DIRECTIONS FOR THIS TASK: Restate each entry below exactly; pictures stay out of the copy.

Extracted records:
= Beginning of Section =

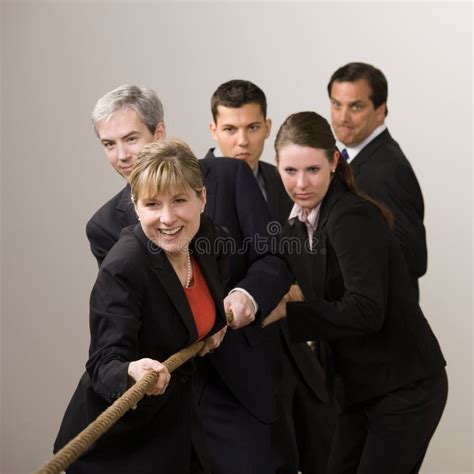 Group of Co-workers Pulling Rope in Tug-of-war Stock Photo - Image of pull, caucasian: 6580804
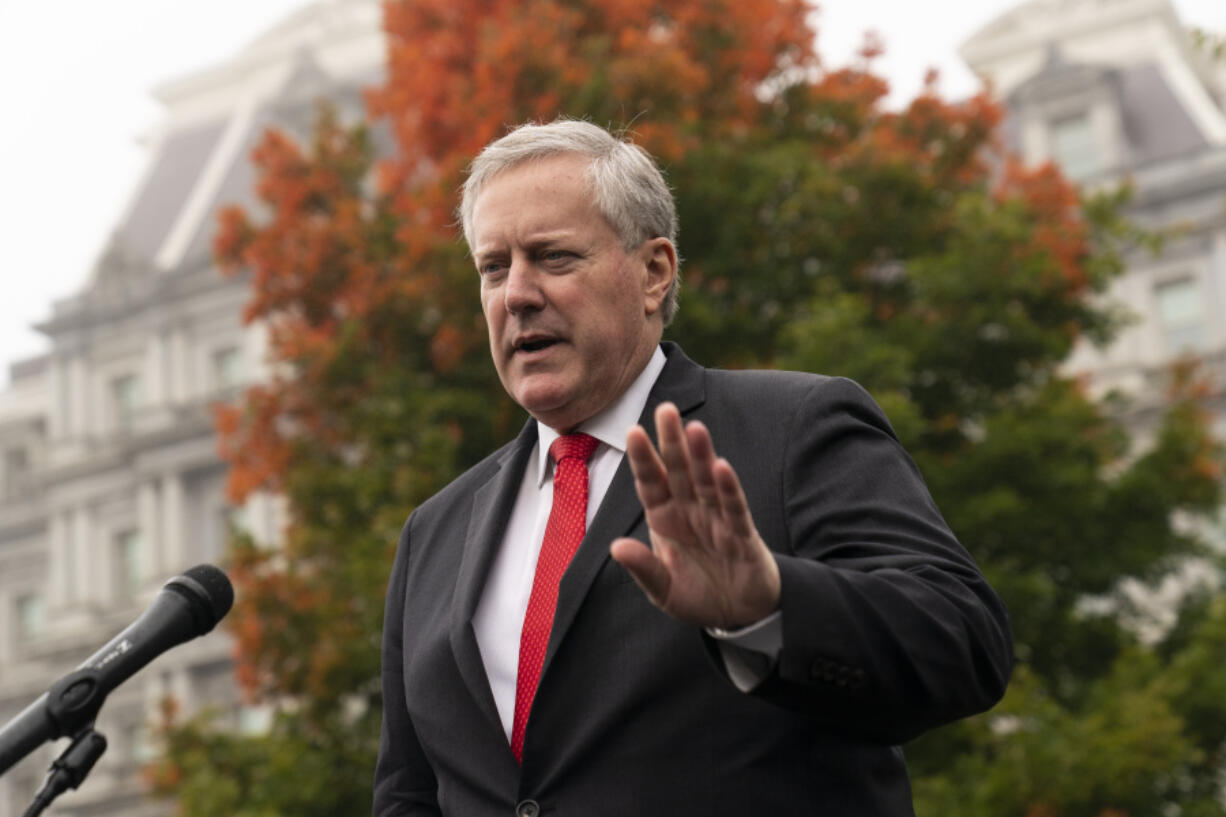 FILE - White House former chief of staff Mark Meadows speaks with reporters at the White House, Wednesday, Oct. 21, 2020, in Washington. Meadows appeared by videoconference, Friday, June 7, 2024, in Phoenix, pleading not guilty to nine felony charges stemming from their roles in an effort to overturn Trump&rsquo;s election loss in Arizona to Joe Biden.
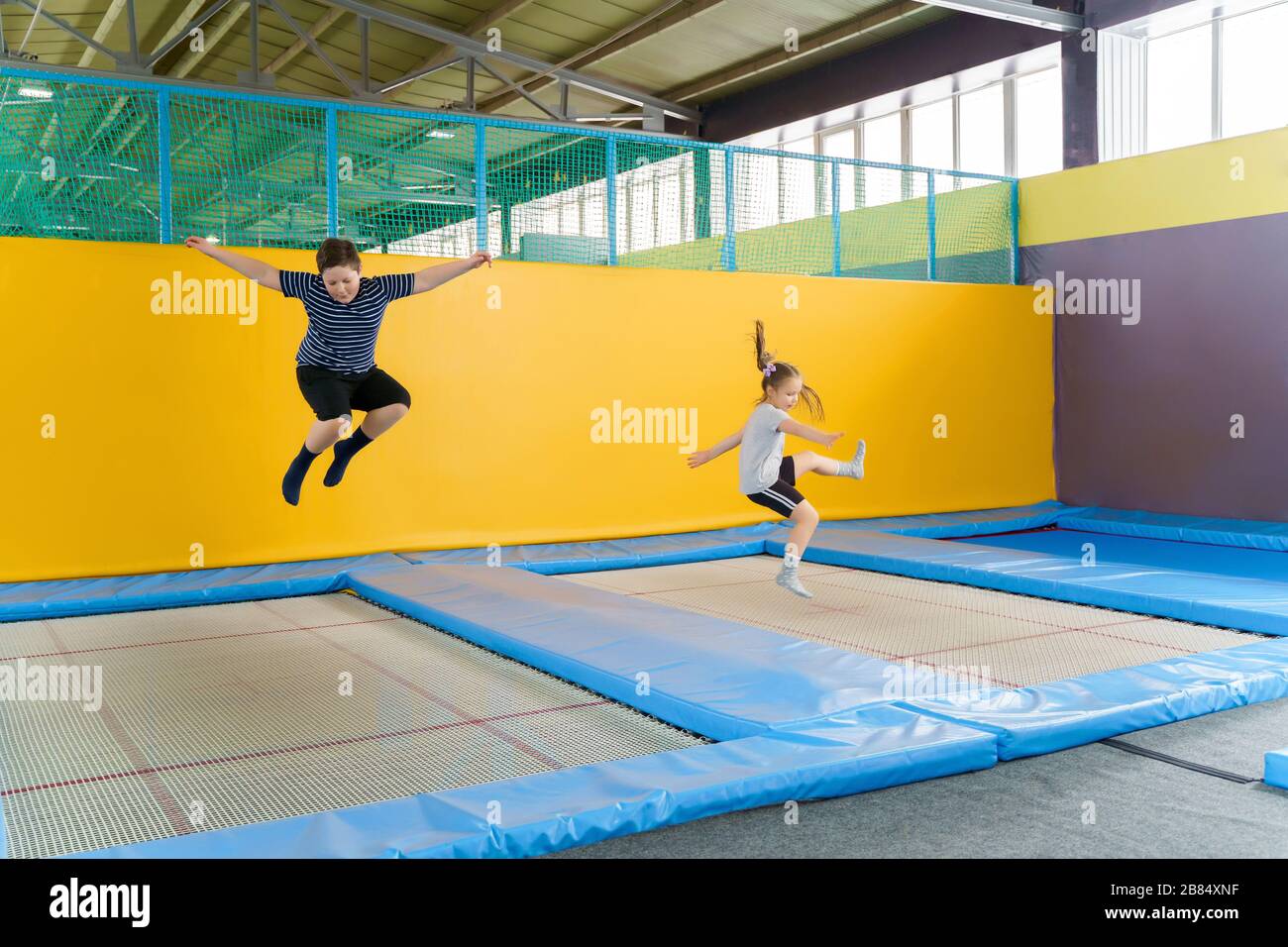 Happy smiling small kids jumping on indoors trampoline in entertainment ...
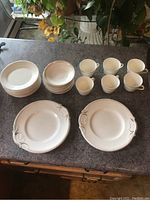 Full set of vintage china laid out on counter showing plates, saucers, and teacups.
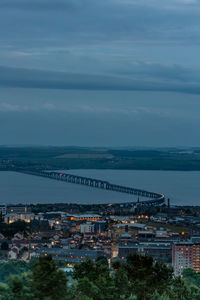 High angle view of buildings by sea against sky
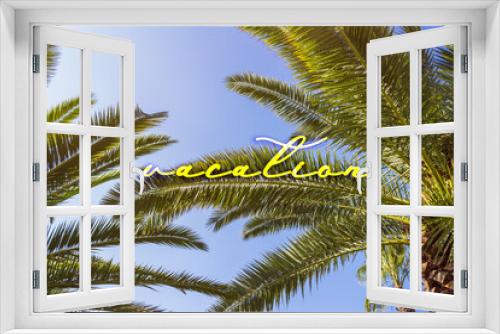 Fototapeta Naklejka Na Ścianę Okno 3D - Palm trees against blue sky at tropical coast. Sunleak texture. Vacation is written by yellow in the center of poster. Coconut tree, summer palm leaves.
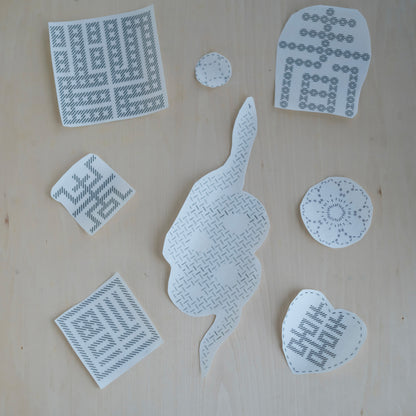 Eight individual stick and stitch embroidery transfers featuring Chinese symbols and tattoo-inspired art.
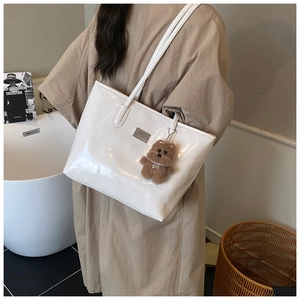 White glossy leather tote bag with plush bear charm and metal logo plate detail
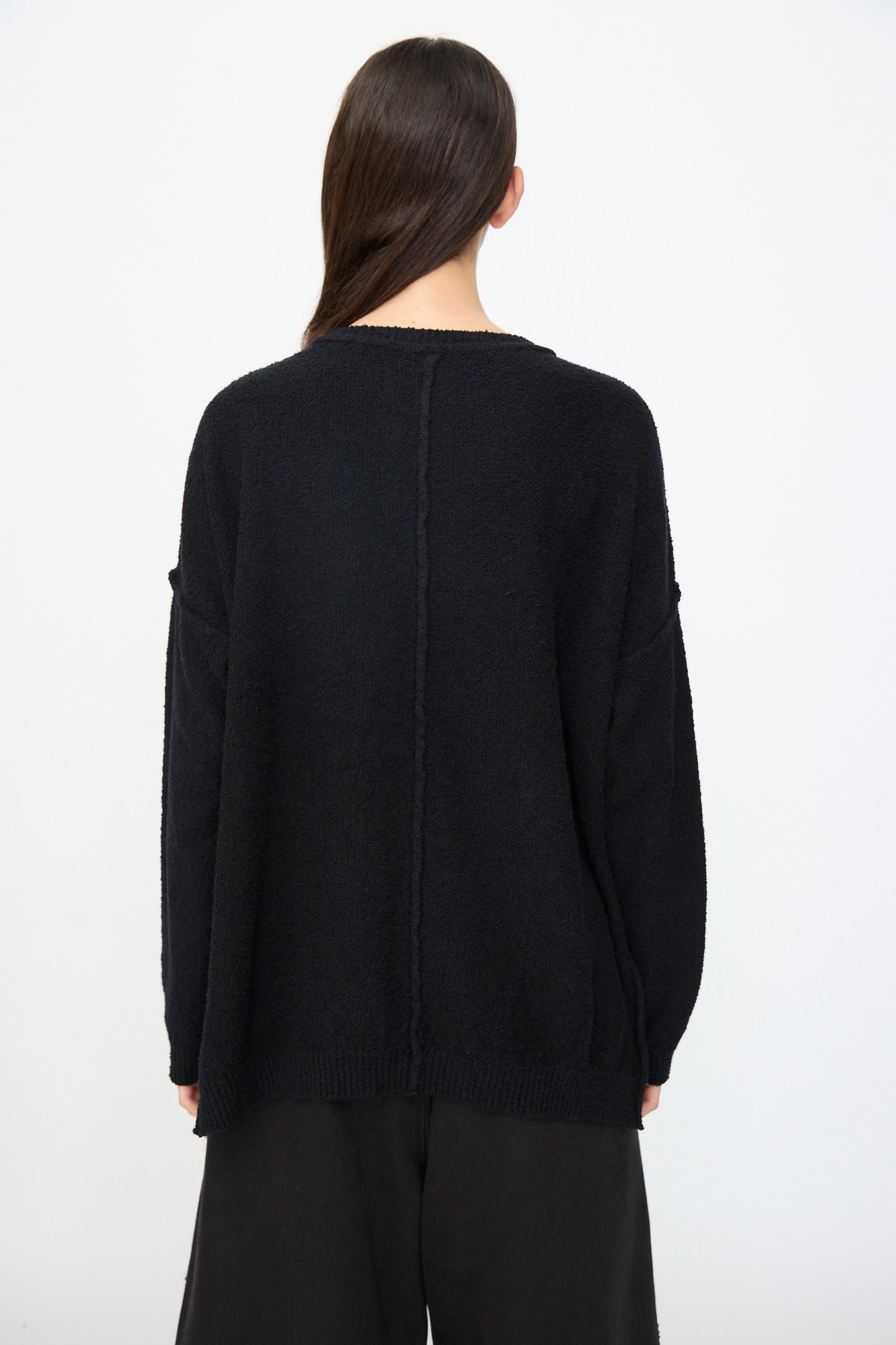 A person with long brown hair faces away, wearing the Lauren Manoogian Boucle Crewneck in Black and wide black pants, set against a plain light background.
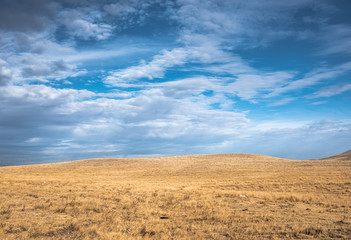 Fototapeta na wymiar Blue sky over wide open Wyoming prairie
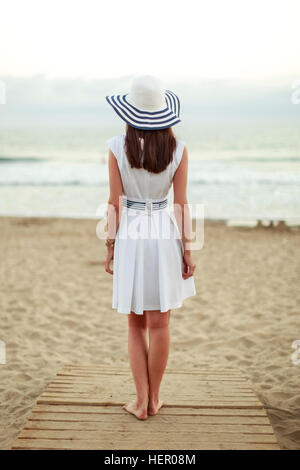 Rückansicht einer Frau auf einen Holzsteg, auf dem Meer suchen Stockfoto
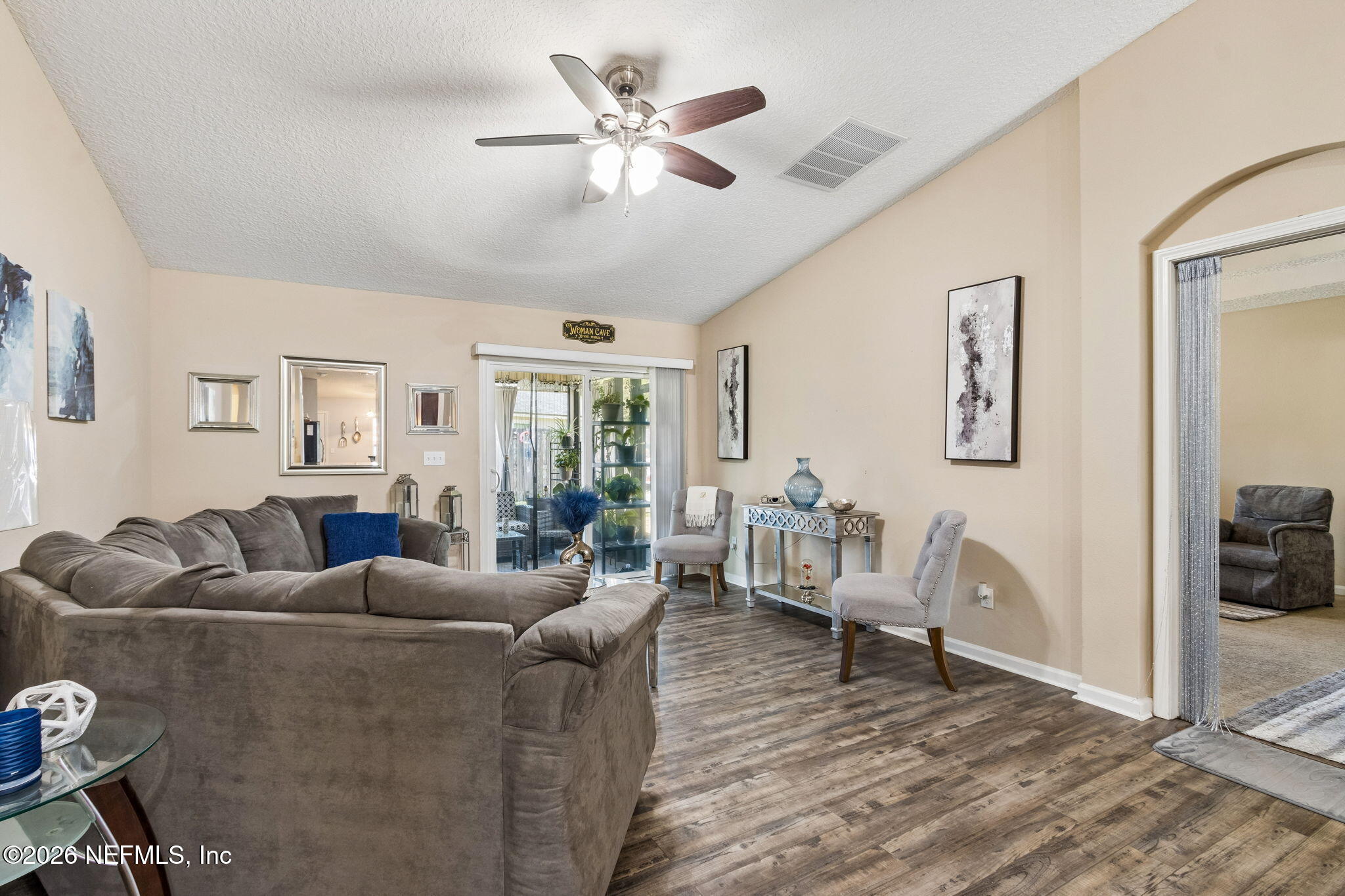 96034 Bass Lane Yulee, FL 32097 - Photo 14 of 50 a living room with furniture and a wooden floor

= End of Section =

EXPECTED OUTPUT:
 Group of Co-workers Pulling Rope in Tug-of-war Stock Photo - Image of pull, caucasian: 6580804
 FILE - White House former chief of staff Mark Meadows speaks with reporters at the White House, Wednesday, Oct. 21, 2020, in Washington. Meadows appeared by videoconference, Friday, June 7, 2024, in Phoenix, pleading not guilty to nine felony charges stemming from their roles in an effort to overturn Trump&rsquo;s election loss in Arizona to Joe Biden.
 Happy smiling small kids jumping on indoors trampoline in entertainment ...
 Full set of vintage china laid out on counter showing plates, saucers, and teacups.
 High angle view of buildings by sea against sky
 Fototapeta Naklejka Na Ścianę Okno 3D - Palm trees against blue sky at tropical coast. Sunleak texture. Vacation is written by yellow in the center of poster. Coconut tree, summer palm leaves.
 Eight individual stick and stitch embroidery transfers featuring Chinese symbols and tattoo-inspired art.
 White glossy leather tote bag with plush bear charm and metal logo plate detail
 A person with long brown hair faces away, wearing the Lauren Manoogian Boucle Crewneck in Black and wide black pants, set against a plain light background.
 Fototapeta na wymiar Blue sky over wide open Wyoming prairie
 Rückansicht einer Frau auf einen Holzsteg, auf dem Meer suchen Stockfoto
 96034 Bass Lane Yulee, FL 32097 - Photo 14 of 50 a living room with furniture and a wooden floor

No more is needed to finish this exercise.